Exercise prompt: Copy exactly, and only, the lines from the line containing "To install FFMPEG" through the last line of the records below, both included, and leave out any pictures.

The records:
····················

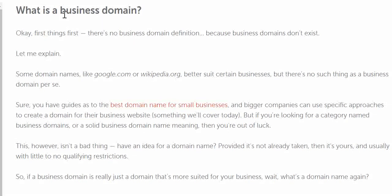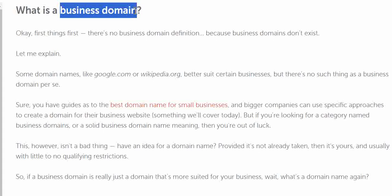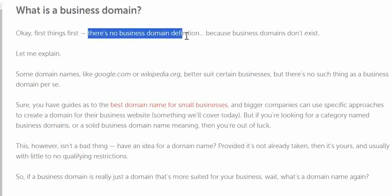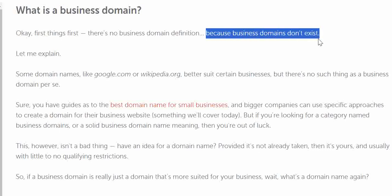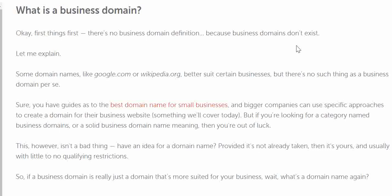Starting with what is a 'business domain' — it's just a myth, a business strategy to sell you the domain and nothing else. Clearly speaking, there is no business domain definition because business domain doesn't exist. All the domains in the market can be converted to a business domain if it's running; if it is not running, then it's a flop. So there is no such thing as a business domain.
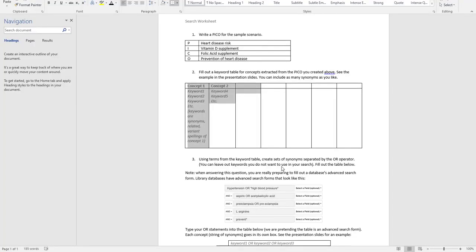Before we go on, I thought I would start by taking a look at the PICO that I wrote for the sample scenario. Yours may look a bit different because I said there is no real right answer for a PICO — it's just a tool to help you analyze the scenario. Our patient is at risk of heart disease or cardiovascular disease. She's interested in vitamin D supplements, possibly compared to folic acid supplements, possibly combined. The outcome we're looking for is prevention of the patient developing heart disease.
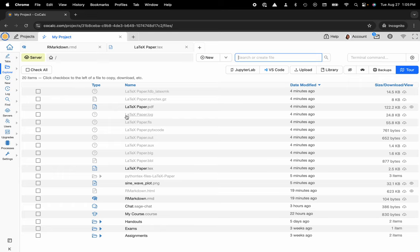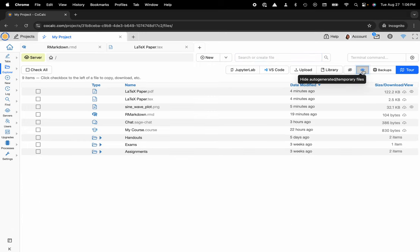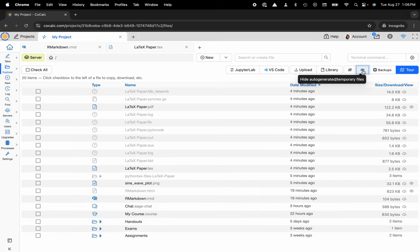If I would like to clean up my file system, one thing that I can do is head over to the mask and give that a click. That will get rid of all of those temporary or auto-generated files, and then I can toggle that on and off by clicking on the button again.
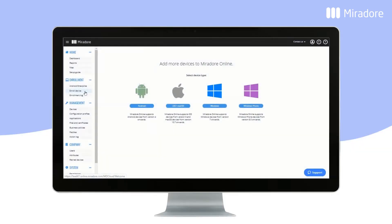With Mirador Online, you can do more than just manage Android and iOS devices. You can also manage your Windows devices.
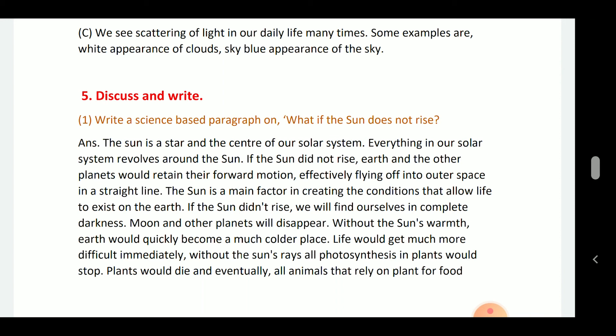Write a science-based paragraph on what if the sun does not rise. The sun is a star at the center of the solar system. Everything in our solar system revolves around the sun. If the sun did not rise, the earth and the other planets would retain their forward motion and fly off into outer space in a straight line.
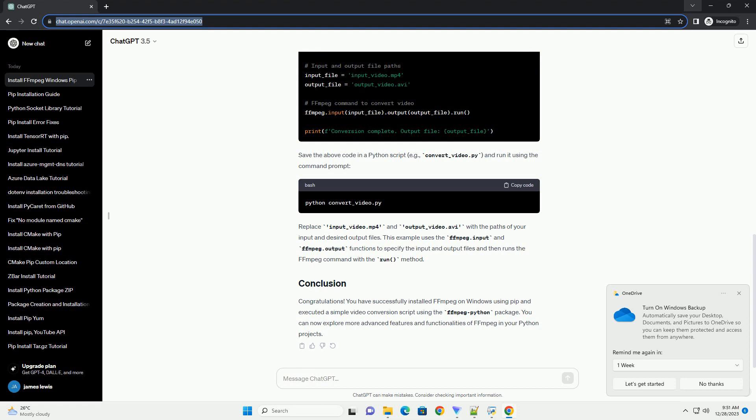To install FFMPEG on Windows using PIP, you can use the following command in the command prompt. The FFMPEG Python package is a wrapper around FFMPEG, making it easier to use FFMPEG functionality in Python scripts.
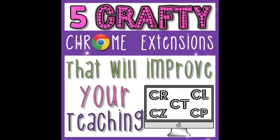Five crafty Chrome extensions that will improve your teaching. Hey everyone, I'm Julie from The Techie Teacher, and this past week I published a blog post about five crafty Chrome extensions that will improve your teaching. Since then, I've received a lot of positive feedback and a few questions.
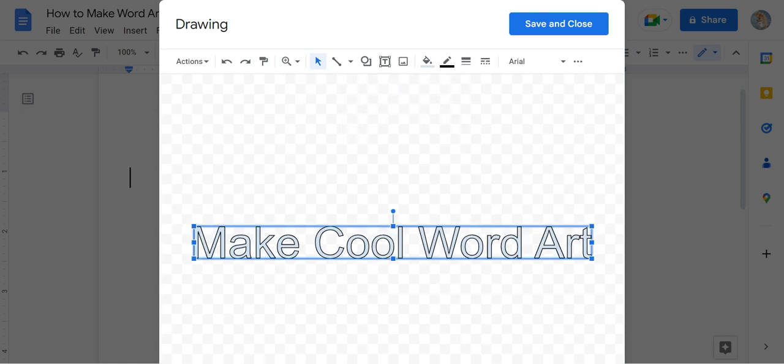Enter, and whatever you type in will show up right here in the Google Drawing field.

····················

Exercise output:
To install FFMPEG on Windows using PIP, you can use the following command in the command prompt. The FFMPEG Python package is a wrapper around FFMPEG, making it easier to use FFMPEG functionality in Python scripts.
Five crafty Chrome extensions that will improve your teaching. Hey everyone, I'm Julie from The Techie Teacher, and this past week I published a blog post about five crafty Chrome extensions that will improve your teaching. Since then, I've received a lot of positive feedback and a few questions.
Enter, and whatever you type in will show up right here in the Google Drawing field.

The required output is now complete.